Stored items
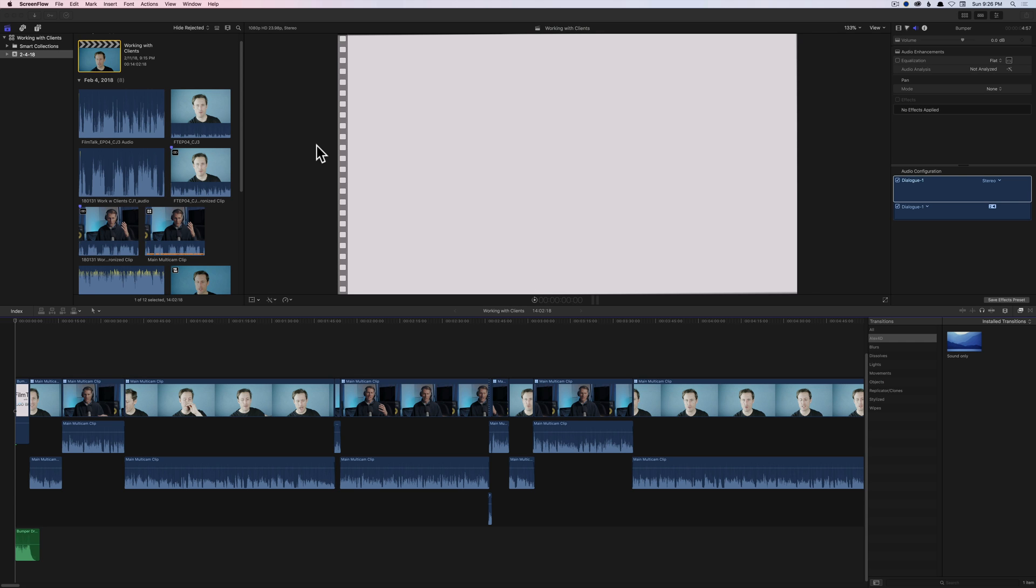Let's take a look at how to get audio out of Final Cut Pro X and over into Adobe Audition for mixing. First of all, you can see here we have an edit in Final Cut Pro X and it's a pretty simple edit.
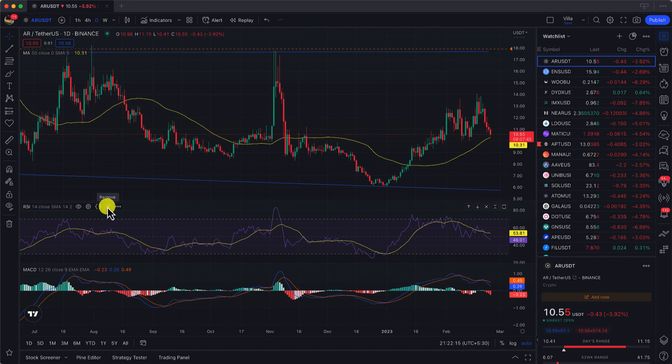That's how you reset your TradingView chart. If you have any questions, feel free to let me know in the comment section. If you like it, do like and check out our other videos. Bye bye!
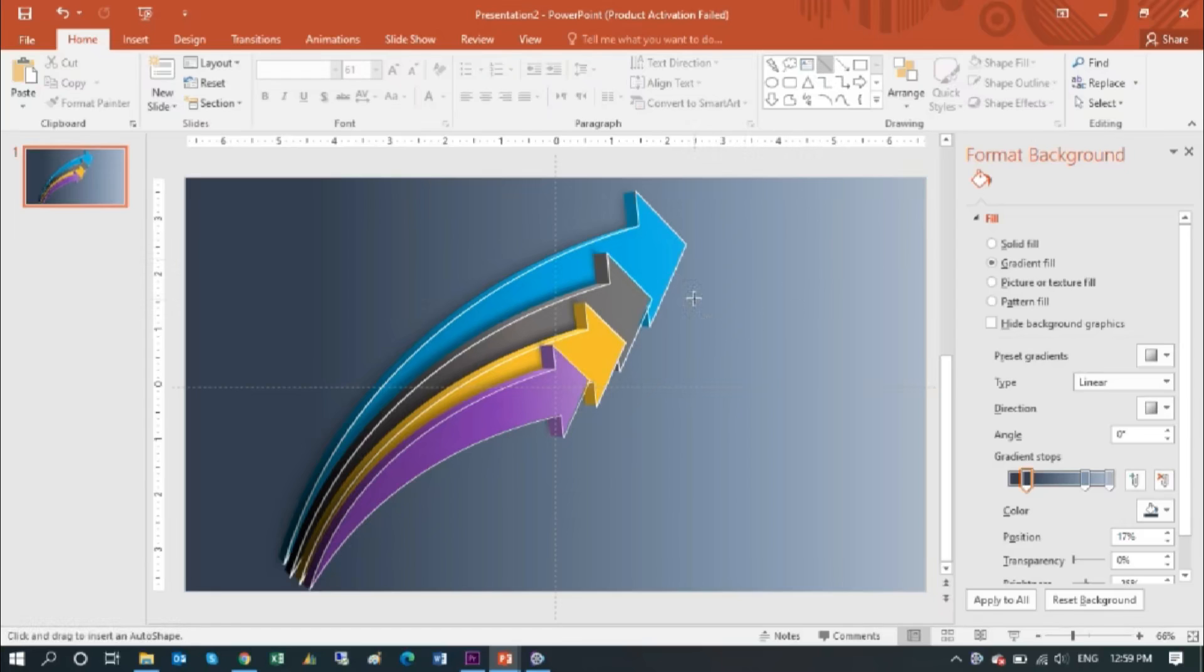We will add some text and elements to this infographic.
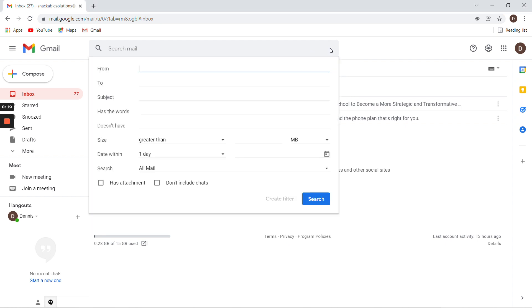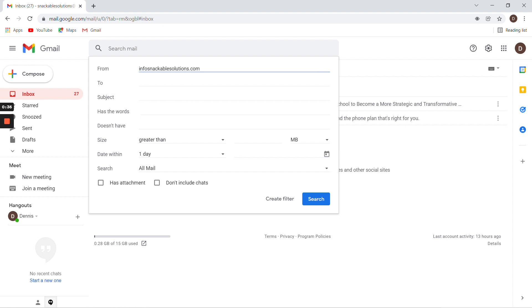In the from field, just put snackablesolutions.com. If it brings up a dropdown, just click somewhere else and you'll get back into the field. If that still doesn't work, you can change it to info@snackablesolutions.com, but it's better if you just do the domain name. Then click create filter.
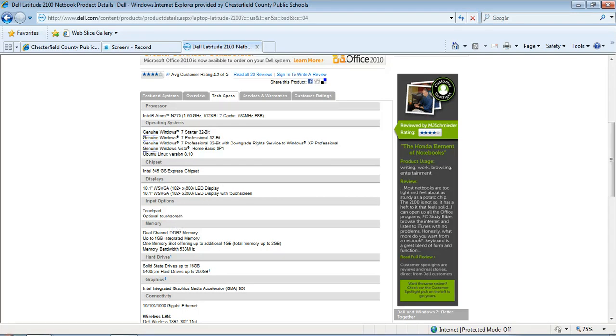I'm going to take my mouse and put it right over top of the text that I'd like to make bigger. I'm going to take two fingers and start them close together on the touchpad and move them away from each other.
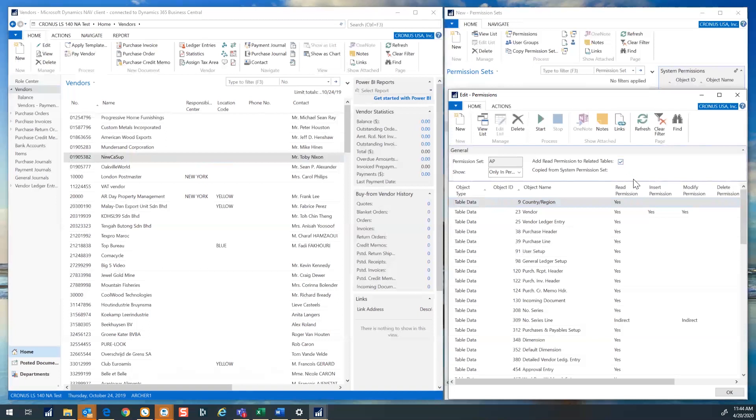You may now assign this new permission set to users. If something was forgotten during the initial recording, you can come back to the permission set and record more activities as needed. Thank you everyone.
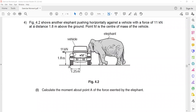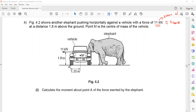In this question, figure 4.2 shows an elephant pushing horizontally against a vehicle with a force of 11 kilonewtons. Since we should use SI units, we convert: 11 kilonewtons multiplied by 1000 equals 11,000 newtons. So the force exerted by the elephant is 11,000 newtons, applied at a distance of 1.8 meters above the ground.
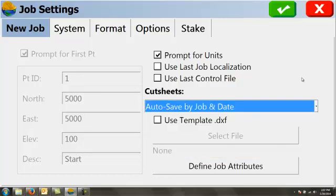That way, once I start staking out, it will automatically create a cut fill report for me that can be opened up in Excel, saved by the job's name and by the date. The date is important so that if I do a job a second day, I have a new cut fill report with that date on it.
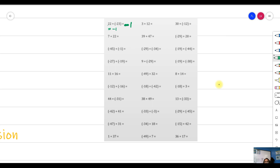Next, 3 plus 12 — both are positive, so the answer will be positive. We simply add them: 3 plus 12 is 15. Similarly, 30 plus negative 12 — since 30 is bigger than 12, we take the positive sign and subtract: 30 minus 12 gives us 18.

▸ WHAT TO WORK ON:
Copy exactly, and only, the lines running from the one containing "That way, once" through the final line of the data, and omit the pictures.

▸ EXERCISE RESULT:
That way, once I start staking out, it will automatically create a cut fill report for me that can be opened up in Excel, saved by the job's name and by the date. The date is important so that if I do a job a second day, I have a new cut fill report with that date on it.
Next, 3 plus 12 — both are positive, so the answer will be positive. We simply add them: 3 plus 12 is 15. Similarly, 30 plus negative 12 — since 30 is bigger than 12, we take the positive sign and subtract: 30 minus 12 gives us 18.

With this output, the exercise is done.